# How is the camping at Charlie Elliott WMA?



## boonhogganbeck (Apr 22, 2010)

Seems appealing since there is good fishing and a shooting range.  Any info is appreciated.


----------



## greene_dawg (Apr 22, 2010)

Haven't been there in a while but it used to just be an area among a few trees on the edge of a field. Not really actual sites. You just find a flat spot, set up and do your thing.

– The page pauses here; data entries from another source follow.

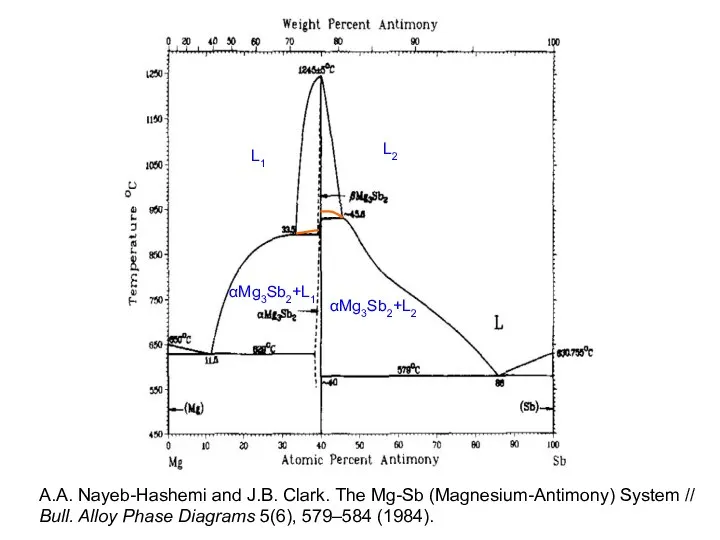 L1 L2 αMg3Sb2+L1 αMg3Sb2+L2 A.A. Nayeb-Hashemi and J.B. Clark. The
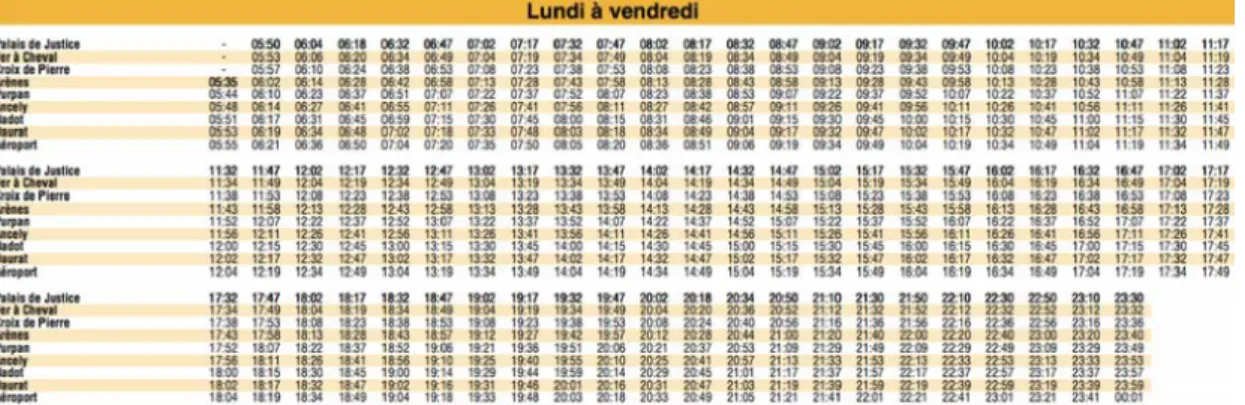 Figure 2.5 – The timetable of bus route T2 in Toulouse.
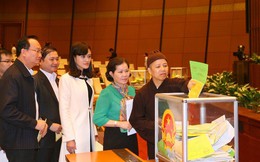 Quốc hội tiến hành lấy phiếu tín nhiệm với 48 chức danh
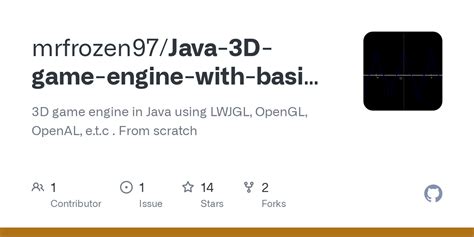 How to Code a 3D Game in Java 的图像结果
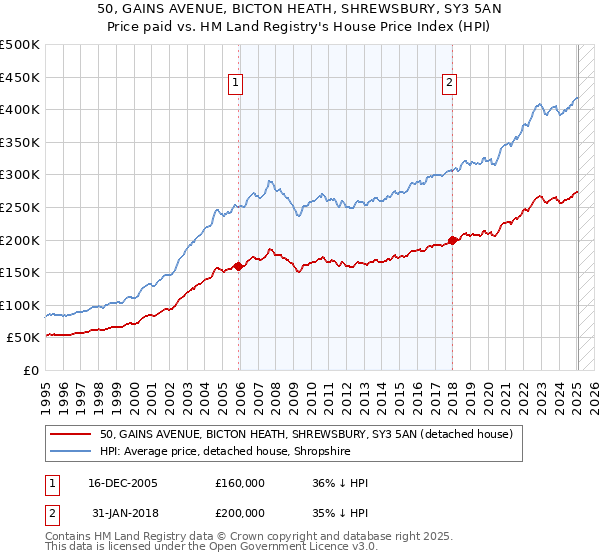 50, GAINS AVENUE, BICTON HEATH, SHREWSBURY, SY3 5AN: Price paid vs HM Land Registry's House Price Index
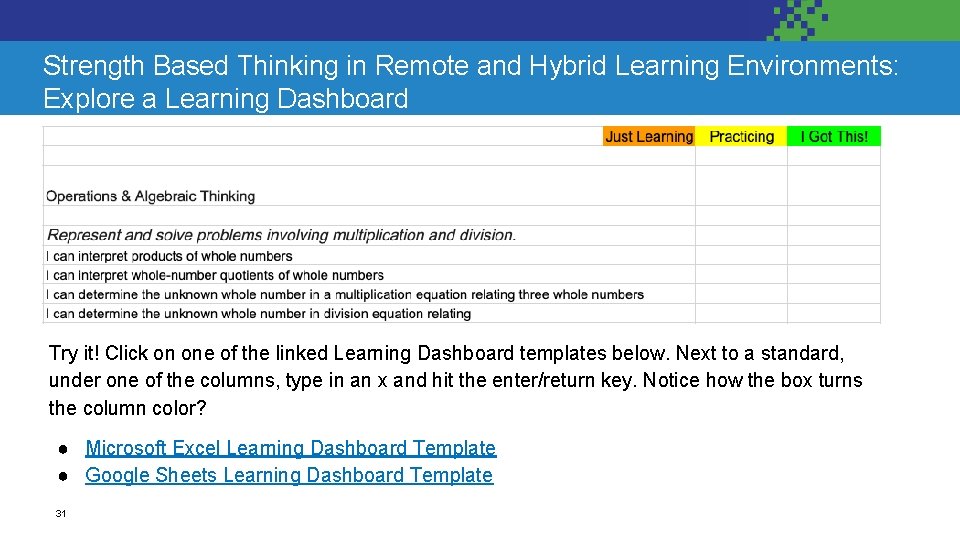 Strength Based Thinking in Remote and Hybrid Learning Environments: Explore a Learning Dashboard Try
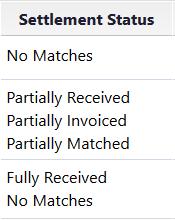 No Matches: None of the items on the PO have been received Partially Received: Some of the items on the PO have been received (look at the invoice to view the items that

I wouldn't say it's great camping or bad camping but the fishing can be pretty good with so many small lakes to choose from.


----------



## Buck Nasty (Apr 22, 2010)

Ive camped there a few times... Not Bad.


----------



## whitworth (Apr 22, 2010)

*It's passable*

Spent a couple of times there when doing some archery hunting in mid week.  Beat the round trip drive for the two day hunts.


----------



## 7Mag Hunter (Apr 22, 2010)

There is a good shady campgroung around the corner from
the check station...About 200yds from the lake....


----------



## GOoutdoors (Apr 23, 2010)

I've camped there one time.  Campsites were shady and there were some good spots.  They weren't as well defined as say a state park.  I can see where it might get crowded on a busy weekend.  Lots of lakes to choose from.  Very nice place.


----------